Sometimes less is more when saying goodbye, particularly when removing and pickling parts. These rites must be undone if the dead is to find peace.
The wraith has spent so much of its life twisting every thought and every discussion back to itself that it failed to notice its own death. Its form has become as warped and wracked as the shriveled black heart inside, obsessing about losing their skill, power, or beauty.
Not only do they do this creepy backwards walking crawling thing, but their very touch, and I dare say five minutes conversation, will drain one of vigor and will to live.
The Draug is what you get when the biggest jerk in town finally eats grave-dirt. These people were so vile in life that it corrupted the body so much it refuses to die and turns into a big, bloated, blue-skinned monster.
They are vengeful wights seeking to do harm and guard wealth they hoarded in life. Unfortunately, being nasty has given their corpses some pretty sweet powers, such as ability to walk through walls, light fetch fire, the evil eye, and shape shifting.
The ghoul is the walking corpse of a person abandoned in the wild who likes to consume both the living and the dead. These leathery, eyeless husks seek revenge on those who abandoned them through snacking. They cannot end their eternal buffet until they receive proper burial rituals.
The vampire is an extremely bitey Walker who uses seduction and mesmerism to drink the blood of those whom it knew in life. Quite the flirt, these creatures can draw in victims through longing, guilt and the allure of eternal death, though they’re constantly leaving grave dirt on the floor and have dank carrion breath.
The barrow wight can be found in old tombs or lonely moors trying to warm themselves with fetch fire. While they are one of the hungry dead, instead of flesh and blood, these wights seek the warmth of human touch.
Do not take pity, for they are deadly and the merest touch will chill you to the bone, much like the winter nights when someone—you know who you are—tries to slide their icy rump under the covers and stick it right on you.
The Strix is an owl-faced vampire in Italy who loves to steal unattended children.
The Rusalka is a dangerous relative to the Mermaid set on leading men to a watery grave.
The rat-faced Fir Darrig lurks in bogs and sewers but will invite himself to your hearth.
There are many books on the legends of bloodthirsty warriors filled with such rage that they fight like wild animals and can slough off blows from weapons that would kill any normal human, but there are far fewer tales of the type of warrior–or killer to be more precise–who through sheer cold detached brutality become so adept at taking life, they exude an aura of invincibility. When such a person is mortally wounded, if their hubris and will be strong enough, they become a Gangr known as a Fekst, or Fext.
The Fekst is an impervious revenant, immune to all martial weapons. They tend to continue on in death as in life, becoming unstoppable soldiers, warriors, or generals. The Fekst is devoid of all empathy and emotion, but for pride. They see themselves as better than all others and stronger than death itself. They have one purpose, to conquer and defeat enemies without mercy. All who are in their way are put to the sword: soldiers, prisoners, civilians, and even allies.

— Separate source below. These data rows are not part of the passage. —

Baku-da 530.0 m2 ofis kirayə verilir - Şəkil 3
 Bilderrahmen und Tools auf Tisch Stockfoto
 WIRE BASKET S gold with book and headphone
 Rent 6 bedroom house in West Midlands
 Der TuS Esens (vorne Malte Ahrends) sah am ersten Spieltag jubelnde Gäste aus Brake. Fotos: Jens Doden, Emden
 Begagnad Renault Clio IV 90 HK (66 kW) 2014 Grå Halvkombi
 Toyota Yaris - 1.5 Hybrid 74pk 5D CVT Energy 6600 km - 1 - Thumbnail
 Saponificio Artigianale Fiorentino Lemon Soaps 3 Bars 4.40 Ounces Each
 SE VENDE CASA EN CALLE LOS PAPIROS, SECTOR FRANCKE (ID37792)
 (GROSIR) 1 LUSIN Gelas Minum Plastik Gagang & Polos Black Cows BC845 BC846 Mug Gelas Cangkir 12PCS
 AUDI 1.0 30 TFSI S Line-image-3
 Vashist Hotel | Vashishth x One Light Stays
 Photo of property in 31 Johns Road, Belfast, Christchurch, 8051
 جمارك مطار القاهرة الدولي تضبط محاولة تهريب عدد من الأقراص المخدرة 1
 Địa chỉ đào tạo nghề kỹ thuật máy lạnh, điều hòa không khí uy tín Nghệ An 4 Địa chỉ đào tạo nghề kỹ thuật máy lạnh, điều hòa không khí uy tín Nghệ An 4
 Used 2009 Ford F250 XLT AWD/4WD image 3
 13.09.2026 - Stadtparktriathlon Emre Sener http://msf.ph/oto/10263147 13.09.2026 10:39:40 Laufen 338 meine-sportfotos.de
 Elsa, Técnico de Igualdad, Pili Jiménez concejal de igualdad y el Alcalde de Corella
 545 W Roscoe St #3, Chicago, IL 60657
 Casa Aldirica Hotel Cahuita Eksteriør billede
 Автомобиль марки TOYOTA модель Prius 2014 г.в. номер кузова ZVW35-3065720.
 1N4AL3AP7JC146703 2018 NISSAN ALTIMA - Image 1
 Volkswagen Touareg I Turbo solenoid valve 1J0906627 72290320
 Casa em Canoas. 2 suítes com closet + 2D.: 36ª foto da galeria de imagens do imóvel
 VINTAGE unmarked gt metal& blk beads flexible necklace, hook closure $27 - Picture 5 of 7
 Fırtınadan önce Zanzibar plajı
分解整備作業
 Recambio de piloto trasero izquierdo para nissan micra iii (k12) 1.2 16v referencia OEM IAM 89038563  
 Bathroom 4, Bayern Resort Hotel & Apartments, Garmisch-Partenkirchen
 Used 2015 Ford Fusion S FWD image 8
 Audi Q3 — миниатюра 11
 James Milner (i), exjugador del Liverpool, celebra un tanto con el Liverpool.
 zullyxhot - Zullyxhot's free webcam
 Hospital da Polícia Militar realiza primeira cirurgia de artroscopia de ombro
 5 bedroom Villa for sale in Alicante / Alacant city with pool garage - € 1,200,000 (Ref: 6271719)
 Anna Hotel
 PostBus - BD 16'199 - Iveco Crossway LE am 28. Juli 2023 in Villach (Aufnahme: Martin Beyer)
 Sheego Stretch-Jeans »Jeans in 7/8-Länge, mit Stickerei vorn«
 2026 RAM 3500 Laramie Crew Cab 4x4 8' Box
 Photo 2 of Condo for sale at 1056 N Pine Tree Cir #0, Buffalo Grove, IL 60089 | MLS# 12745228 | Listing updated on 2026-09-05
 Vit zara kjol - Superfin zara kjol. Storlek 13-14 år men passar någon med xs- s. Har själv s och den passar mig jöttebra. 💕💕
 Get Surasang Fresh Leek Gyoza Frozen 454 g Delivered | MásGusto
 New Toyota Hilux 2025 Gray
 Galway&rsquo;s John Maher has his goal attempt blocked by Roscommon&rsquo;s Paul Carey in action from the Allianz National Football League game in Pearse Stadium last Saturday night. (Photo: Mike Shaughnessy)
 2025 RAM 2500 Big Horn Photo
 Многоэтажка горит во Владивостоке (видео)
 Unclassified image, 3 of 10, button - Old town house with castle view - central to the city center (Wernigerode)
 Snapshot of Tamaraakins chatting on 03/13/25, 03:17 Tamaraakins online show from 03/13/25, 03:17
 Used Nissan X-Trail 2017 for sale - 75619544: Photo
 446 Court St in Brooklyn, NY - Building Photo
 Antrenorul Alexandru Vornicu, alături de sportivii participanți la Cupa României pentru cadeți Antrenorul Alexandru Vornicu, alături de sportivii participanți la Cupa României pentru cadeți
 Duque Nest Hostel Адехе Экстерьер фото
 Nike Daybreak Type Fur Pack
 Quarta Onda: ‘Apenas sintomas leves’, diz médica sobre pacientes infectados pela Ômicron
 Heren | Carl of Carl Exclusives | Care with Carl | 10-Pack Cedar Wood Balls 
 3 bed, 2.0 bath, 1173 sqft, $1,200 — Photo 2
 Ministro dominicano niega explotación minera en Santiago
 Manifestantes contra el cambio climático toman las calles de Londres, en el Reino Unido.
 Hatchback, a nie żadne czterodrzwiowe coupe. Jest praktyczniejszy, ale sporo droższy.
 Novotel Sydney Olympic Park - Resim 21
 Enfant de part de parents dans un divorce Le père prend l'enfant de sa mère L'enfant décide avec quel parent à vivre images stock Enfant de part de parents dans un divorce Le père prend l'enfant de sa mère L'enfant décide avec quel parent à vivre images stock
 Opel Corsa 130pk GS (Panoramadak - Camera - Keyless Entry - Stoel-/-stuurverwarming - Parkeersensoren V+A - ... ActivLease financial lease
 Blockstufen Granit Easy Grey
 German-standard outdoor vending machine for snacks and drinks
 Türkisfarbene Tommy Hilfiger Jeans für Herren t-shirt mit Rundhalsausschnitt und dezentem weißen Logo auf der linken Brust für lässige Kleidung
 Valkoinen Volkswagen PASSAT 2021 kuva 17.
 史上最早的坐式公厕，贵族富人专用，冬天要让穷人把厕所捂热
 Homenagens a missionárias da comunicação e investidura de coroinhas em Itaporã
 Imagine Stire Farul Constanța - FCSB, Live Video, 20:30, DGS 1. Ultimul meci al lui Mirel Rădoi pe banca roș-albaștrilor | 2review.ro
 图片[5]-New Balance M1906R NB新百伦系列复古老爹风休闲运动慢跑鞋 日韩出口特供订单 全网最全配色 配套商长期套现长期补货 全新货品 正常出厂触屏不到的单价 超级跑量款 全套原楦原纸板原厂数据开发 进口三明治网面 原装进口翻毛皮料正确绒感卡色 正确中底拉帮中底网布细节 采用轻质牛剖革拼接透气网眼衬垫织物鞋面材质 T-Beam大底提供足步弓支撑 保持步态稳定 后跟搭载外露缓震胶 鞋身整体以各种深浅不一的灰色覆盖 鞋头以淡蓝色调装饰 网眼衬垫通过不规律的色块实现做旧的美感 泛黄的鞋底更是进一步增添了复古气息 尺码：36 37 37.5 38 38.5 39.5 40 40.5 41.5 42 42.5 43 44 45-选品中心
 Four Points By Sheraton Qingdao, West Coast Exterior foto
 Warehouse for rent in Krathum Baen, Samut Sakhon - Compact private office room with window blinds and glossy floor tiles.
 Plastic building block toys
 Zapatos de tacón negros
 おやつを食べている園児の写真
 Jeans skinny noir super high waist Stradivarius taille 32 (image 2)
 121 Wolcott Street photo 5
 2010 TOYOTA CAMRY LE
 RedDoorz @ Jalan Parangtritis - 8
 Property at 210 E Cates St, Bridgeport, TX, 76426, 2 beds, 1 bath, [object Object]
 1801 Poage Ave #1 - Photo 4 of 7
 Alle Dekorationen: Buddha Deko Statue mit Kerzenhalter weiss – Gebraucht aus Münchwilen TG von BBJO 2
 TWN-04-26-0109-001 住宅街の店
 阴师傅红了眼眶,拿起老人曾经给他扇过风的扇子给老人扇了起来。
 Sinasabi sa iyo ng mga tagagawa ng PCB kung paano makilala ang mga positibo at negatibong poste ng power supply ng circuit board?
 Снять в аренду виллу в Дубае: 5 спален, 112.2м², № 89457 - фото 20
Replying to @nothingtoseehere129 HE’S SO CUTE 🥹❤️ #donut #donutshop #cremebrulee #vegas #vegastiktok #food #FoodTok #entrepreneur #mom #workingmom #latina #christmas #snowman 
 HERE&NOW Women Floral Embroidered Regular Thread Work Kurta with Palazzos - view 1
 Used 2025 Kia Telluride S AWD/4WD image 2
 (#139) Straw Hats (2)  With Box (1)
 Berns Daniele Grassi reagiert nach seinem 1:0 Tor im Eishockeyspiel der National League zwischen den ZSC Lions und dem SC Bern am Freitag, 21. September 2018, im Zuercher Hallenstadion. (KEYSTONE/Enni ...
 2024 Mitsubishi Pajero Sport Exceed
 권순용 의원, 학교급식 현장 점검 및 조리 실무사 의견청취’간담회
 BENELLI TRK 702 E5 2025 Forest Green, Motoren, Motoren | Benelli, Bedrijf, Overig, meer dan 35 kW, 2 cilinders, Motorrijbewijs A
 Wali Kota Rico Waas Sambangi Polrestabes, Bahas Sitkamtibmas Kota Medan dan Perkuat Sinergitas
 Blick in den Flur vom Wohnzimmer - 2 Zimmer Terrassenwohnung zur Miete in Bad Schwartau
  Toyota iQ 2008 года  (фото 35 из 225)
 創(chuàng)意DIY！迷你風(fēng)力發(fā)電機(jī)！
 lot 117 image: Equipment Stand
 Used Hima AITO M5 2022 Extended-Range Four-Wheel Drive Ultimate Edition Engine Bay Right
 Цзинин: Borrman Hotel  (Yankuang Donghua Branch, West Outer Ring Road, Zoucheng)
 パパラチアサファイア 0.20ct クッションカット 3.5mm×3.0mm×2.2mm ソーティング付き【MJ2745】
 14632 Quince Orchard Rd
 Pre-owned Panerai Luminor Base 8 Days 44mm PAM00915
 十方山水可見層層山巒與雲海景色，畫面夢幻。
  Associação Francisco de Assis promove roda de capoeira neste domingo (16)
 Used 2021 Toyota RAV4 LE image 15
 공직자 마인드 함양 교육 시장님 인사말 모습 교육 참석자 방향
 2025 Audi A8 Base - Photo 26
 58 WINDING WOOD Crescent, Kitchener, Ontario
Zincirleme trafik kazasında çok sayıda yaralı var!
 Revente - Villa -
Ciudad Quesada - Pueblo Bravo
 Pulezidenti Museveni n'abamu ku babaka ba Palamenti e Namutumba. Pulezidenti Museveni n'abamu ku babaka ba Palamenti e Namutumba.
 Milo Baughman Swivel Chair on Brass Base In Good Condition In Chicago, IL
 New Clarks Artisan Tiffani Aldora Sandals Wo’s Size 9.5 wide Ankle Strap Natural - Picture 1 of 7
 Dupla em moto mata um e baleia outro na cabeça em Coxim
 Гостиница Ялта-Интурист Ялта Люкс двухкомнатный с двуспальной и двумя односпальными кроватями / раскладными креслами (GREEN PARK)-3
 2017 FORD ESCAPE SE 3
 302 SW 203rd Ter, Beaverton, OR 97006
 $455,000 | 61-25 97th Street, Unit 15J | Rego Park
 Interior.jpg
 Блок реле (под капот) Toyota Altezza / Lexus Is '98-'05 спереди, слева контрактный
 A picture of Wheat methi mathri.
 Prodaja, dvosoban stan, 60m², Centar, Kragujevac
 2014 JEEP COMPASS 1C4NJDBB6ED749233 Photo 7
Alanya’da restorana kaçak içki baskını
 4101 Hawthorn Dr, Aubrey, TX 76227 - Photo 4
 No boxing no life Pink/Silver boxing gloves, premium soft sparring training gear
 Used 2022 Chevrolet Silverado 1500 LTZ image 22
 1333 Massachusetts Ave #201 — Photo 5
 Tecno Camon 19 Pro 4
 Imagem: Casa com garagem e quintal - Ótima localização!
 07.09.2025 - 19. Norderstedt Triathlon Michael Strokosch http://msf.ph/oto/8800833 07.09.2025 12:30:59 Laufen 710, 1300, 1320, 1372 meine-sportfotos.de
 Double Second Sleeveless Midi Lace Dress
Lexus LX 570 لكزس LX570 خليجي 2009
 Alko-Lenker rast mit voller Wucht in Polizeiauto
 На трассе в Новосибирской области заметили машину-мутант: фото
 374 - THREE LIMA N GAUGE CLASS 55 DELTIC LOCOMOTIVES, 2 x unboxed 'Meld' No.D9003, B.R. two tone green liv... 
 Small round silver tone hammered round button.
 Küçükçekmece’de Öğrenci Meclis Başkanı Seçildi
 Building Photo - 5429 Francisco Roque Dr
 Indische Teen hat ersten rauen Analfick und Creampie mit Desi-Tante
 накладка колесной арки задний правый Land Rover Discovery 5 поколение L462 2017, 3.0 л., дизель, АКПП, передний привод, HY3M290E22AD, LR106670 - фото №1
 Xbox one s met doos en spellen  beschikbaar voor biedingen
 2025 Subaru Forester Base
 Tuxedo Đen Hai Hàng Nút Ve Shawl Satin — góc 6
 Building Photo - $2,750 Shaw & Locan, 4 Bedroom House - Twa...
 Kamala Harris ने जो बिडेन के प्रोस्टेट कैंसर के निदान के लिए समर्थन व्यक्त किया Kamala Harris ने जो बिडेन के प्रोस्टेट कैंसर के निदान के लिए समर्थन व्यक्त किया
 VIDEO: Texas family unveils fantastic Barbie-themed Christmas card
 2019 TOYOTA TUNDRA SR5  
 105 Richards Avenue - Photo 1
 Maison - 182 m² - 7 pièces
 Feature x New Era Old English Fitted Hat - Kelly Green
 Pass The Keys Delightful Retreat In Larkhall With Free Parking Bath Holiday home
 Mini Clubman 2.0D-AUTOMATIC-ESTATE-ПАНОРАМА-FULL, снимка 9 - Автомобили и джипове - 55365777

There is but one way to kill a Fekst. One must shoot it with an unusual projectile, such as a button, a stone, or a piece of glass. The throwaway quality of the projectile and its uselessness is what makes it a suitable weapon against the Fekst, for these cold-hearted and disdainful monsters are superior to all and only the most symbolically insignificant weapons may do them harm.
Though the Fekst’s complete lack of humanity and seeming invulnerability would be sure tells of its monstrous nature to the observant weirder, there are a number of tales where men followed a Fekst into battle believing him to be protected by the gods. However, the longer a Fekst exists in its un-dead state, the more grayed and stretched it’s demeanor becomes, until there is no possible way to hide its true being.